Are the a, b, c, d... constants?

[insane_alien]

not quite, i was just using them to represent the rest of the equation.it changes slightly each time you differentiate.

[timo]

He probably was not asking if a=b=c=... but if they are functions of x.

[insane_alien]

oh i know they are functions of x, thats not a problem. its the fact that they are also functions of the the (n+1)th derivative that is causing me issues here.

[Cap'n Refsmmat]

I don't think you get what's being asked.
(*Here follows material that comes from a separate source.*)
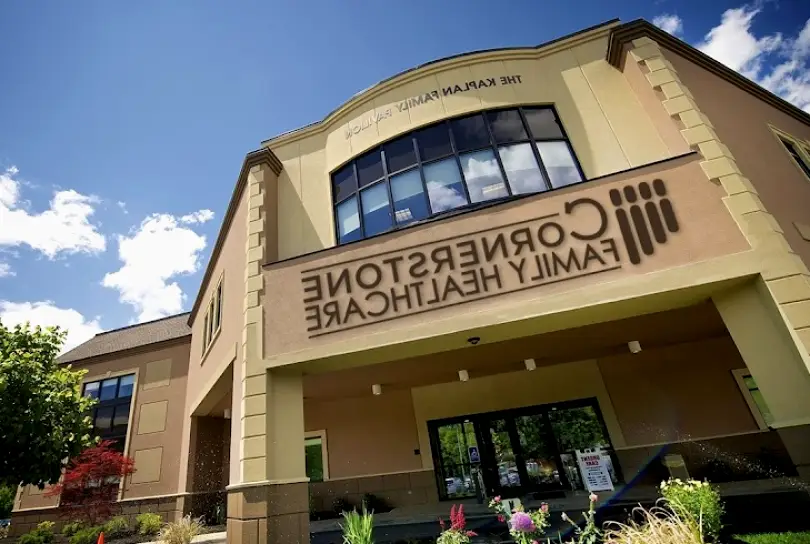  Newburgh Cornerstone Family Healthcare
Are the a, b, c, d and so on functions of x, or just constants?

 

i.e. is [math]f^{(n)}(x) = a_n(x) f^{(n+1)}(x)[/math] or just [math]f^{(n)}(x) = a_n f^{(n+1)}(x)[/math]?

 

([math]f^{(n)}[/math] means the nth derivative of f.)

 

Or, simpler still, does a have x in it?

[insane_alien]

an(x)f^(n+1)(x)

 

more or less.

 

it would probably be easier if i was allowed to tell you the function butit falls under the confidentiality agreement.

[Bignose]

These things aren't all that uncommon when doing an expansion via a perturbation method. Basically, at some point you have to truncate or approximate the expansion. I.e. decide that the 6th derivative and further are constants or negligible or some other assumption. Knowing the pathology of the solution can be very useful to know what and when such approximations are needed/appropriate.

 

Nayfeh's Perturbation Methods is a absolute classic on perturbation methods and is the standard by which all other books on the subject are judged. You may want to poke through that book and see if it can help.